Mungkinkah karena sejarah panjang tesebut Brunei kini tampil bagaikn puteri cantik jelita bak mutu manikam yang bersolek tidak habis-habisnya saat ini?

Seberapakah ukuran Brunei? Mari bandingkan dengan beberapa provinsi di Indonesia, Lihat perbandingannya sebagai berikut :

  • Luas Provinsi Aceh: 57.365,09 km2 | Populasi: 4.494.410 jiwa | Kepadatan: 78.35 jiwa/km2
  • Luas Provinis Sumatera Utara : 72.981,23 km2 | Populasi: 12.982.204 jiwa | Kepadatan: 177.88 jiwa/km2
  • Luas Provinis Bali : 5.561,40 km2 | Populasi: 3.890.757 jiwa | Kepadatan: 699.6 jiwa/km2
  • Luas DKI Jakarta : 740,28 km2 | Populasi: 9.607.787 jiwa | Kepadatan: 12978.59 jiwa/km2
  • Luas Provinsi Jawa Tengah: 33.987,45 km2 | Populasi: 32.382.657 jiwa | Kepadatan: 952.78 jiwa/km2
  • Luas Provinsi Jawa Barat: 35.244,91 km2 | Populasi: 43.053.732 jiwa | Kepadatan: 1221.56 jiwa/km2
  • Luas Provinis Jawa Timur : Luas: 47.921,16 km2 | Populasi: 37.476.757 jiwa | Kepadatan: 782.05 jiwa/km2

Luas Burnei hanya 5.765 km².Jika dibanding dengan ibu kota negara Indonesia (Jakarta) luas seluruh daratan Brunei kira-kira 8 kali besar dari luas Jakarta, tapi jika dibanding dengan bebrapa provinsi di Indonesia, misalnya Aceh, tidak ada bandingannya. Aceh 10 kali lebih besar dari Brunei. Sumut 12 kali lebih luas dari Brunei. Jawa Tengah 6 kali lebih besar dari Brunei. Jawa Barat lebih besar 7 kali lebih luas dari Brune dan Jawa Timur lebih luas 8 kali dari negara Brunei Darussalam.
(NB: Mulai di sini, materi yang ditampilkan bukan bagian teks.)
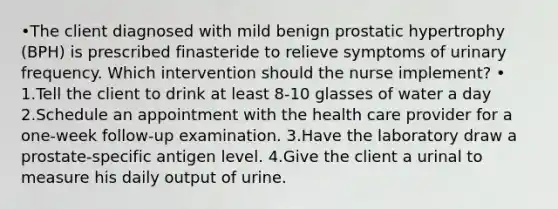 •The client diagnosed with mild benign prostatic hypertrophy (BPH) is prescribed finasteride to relieve symptoms of urinary frequency. Which intervention should the nurse implement? • 1.Tell the client to drink at least 8-10 glasses of water a day 2.Schedule an appointment with the health care provider for a one-week follow-up examination. 3.Have the laboratory draw a prostate-specific antigen level. 4.Give the client a urinal to measure his daily output of urine.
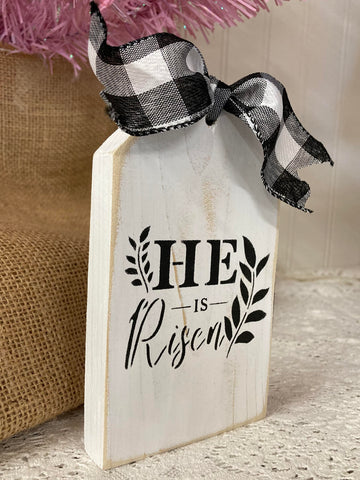 He Is Risen Tag, Mini Easter Sign -- CLEARANCE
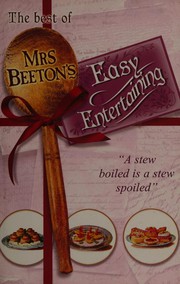 Cover of The best of Mrs Beeton's easy entertaining by Isabella Beeton
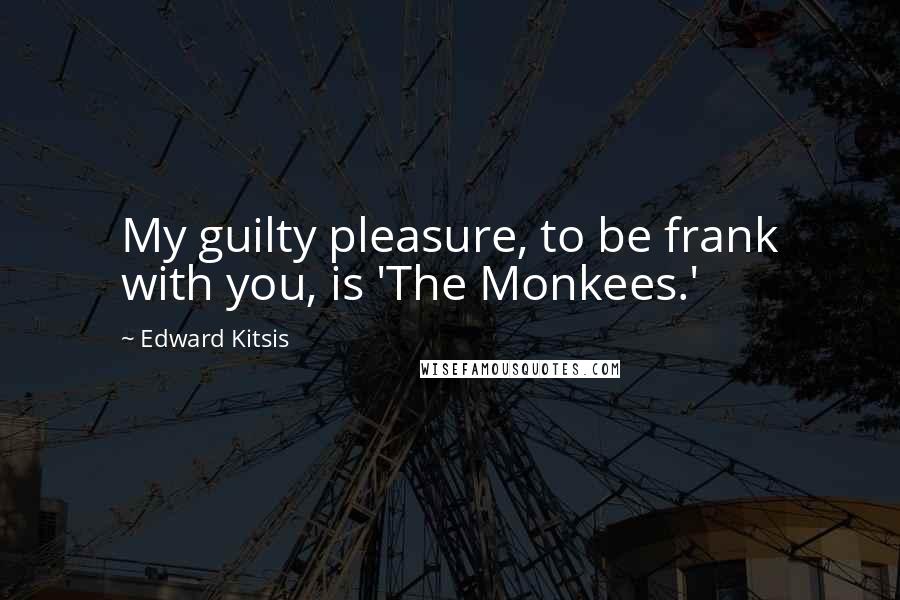 Edward Kitsis Quotes: My guilty pleasure, to be frank with you, is 'The Monkees.'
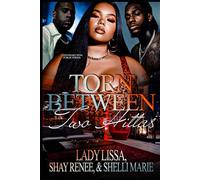 Torn Between Two Hittas: Standalone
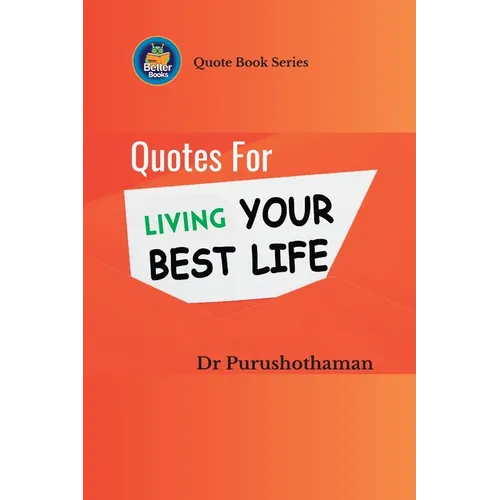 Quotes for Living Your Best Life: Transform Your Destiny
Penduduk Brunei memang relatif sedikit, sekitar 600 ribuan orang dengan tingkat kepadatan yang masih sangat nyaman. Tapi bukan karena itu Brunei kini memikat dunia bagaikan puteri cantik jelita. BUKAN juga karena wilayah yang kecil dan penduduk yang sedikit itu maka kesejahteraan Brunei dapat dikelola dengan baik oleh Sultan Brunei ke 29 sejak diangkat pada 1967 lalu.

Bandar Seribegawan yang menjadi pusat kota dan denyut nadi Brunei luasnya  hanya 100.36 km² (104.000 m²) yang dihuni penduduk sekitar 350 ribuan jiwa.
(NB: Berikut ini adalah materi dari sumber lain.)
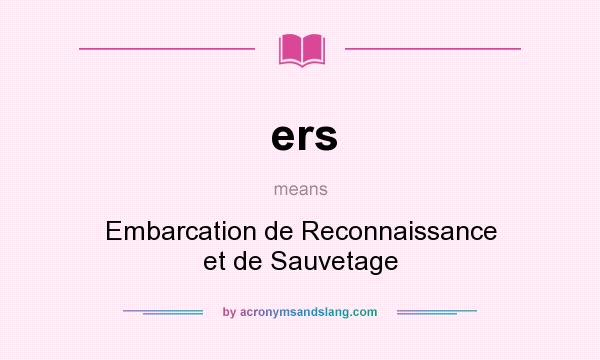 What does ers mean? It stands for Embarcation de Reconnaissance et de Sauvetage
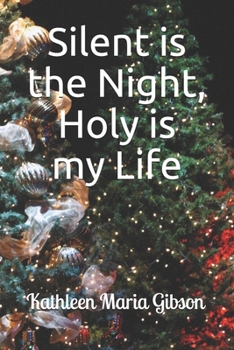 Paperback Silent is the Night, Holy is my Life Book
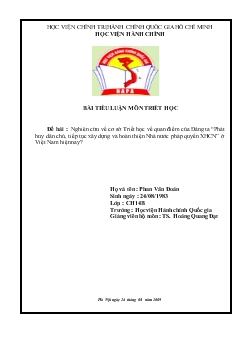 Đề tài Nghiên cứu về cơ sở Triết học về quan điểm của Đảng ta “Phát huy dân chủ, tiếp tục xây dựng và hoàn thiện Nhà nước pháp quyền xã hội chủ nghĩa Việt Nam” ở Việt Nam hiện nay?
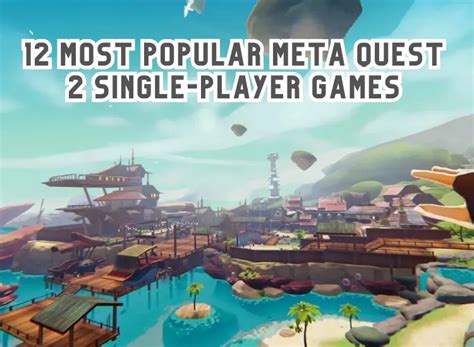 12 Most Popular Meta Quest 2 Single-Player Games – VR Tier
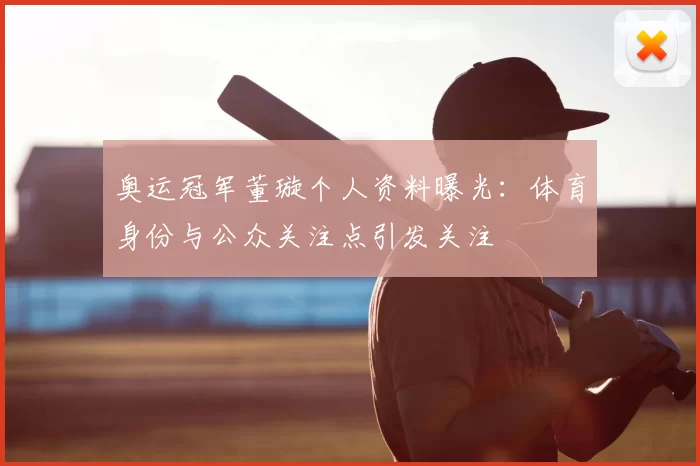 奥运冠军董璇个人资料曝光：体育身份与公众关注点引发关注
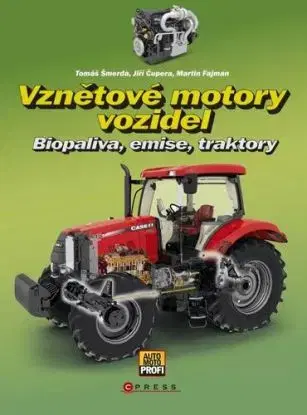 Vznětové motory vozidel - Tomáš Šmerda, Martin Fajman, Jiří Čupera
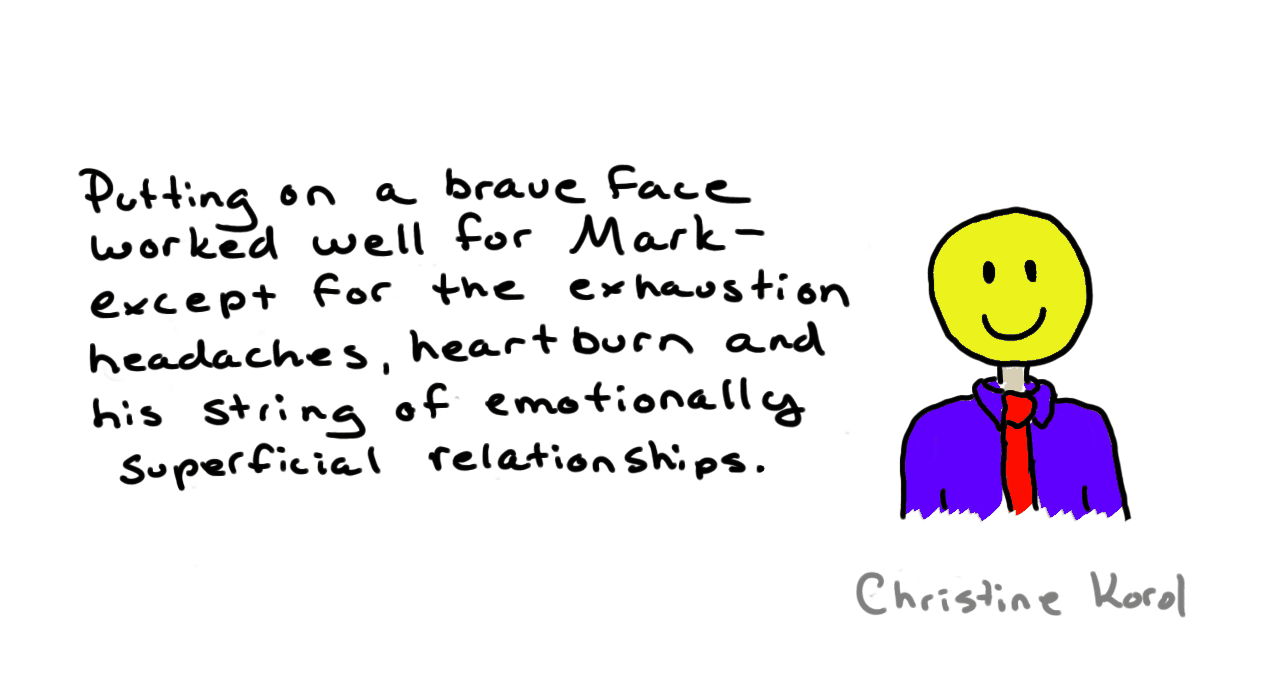 Cartoon by Christine Korol. A man in a suit with a bright yellow smiley-face head, captioned "Putting on a brave face worked well for Mark - except for the exhaustion headaches, heartburn and his string of emotionally superficial relationships."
Jika dibandingkan dengan ukuran areal stadion sepakbola terbesar di dunia saat ini Stadion Rungnado May Day  di Pyongyang, Korea Utara  (seluas seluruhnya arena  207.000 m²) maka luas ibukota Brunei hanya setengah saja dari total areal stadion  raksasa tersebut.

Dilihat dari luas wilayah dan jumlah penduduk memang Brunei tidak seberapa, tapi sentuhan sang raja Muhammad Shah sang perintis Brunei, mampu menembus batas ruang dan waktu daratan negara manapun di dunia dalam hal kemakmuran dan kesejahteraannya.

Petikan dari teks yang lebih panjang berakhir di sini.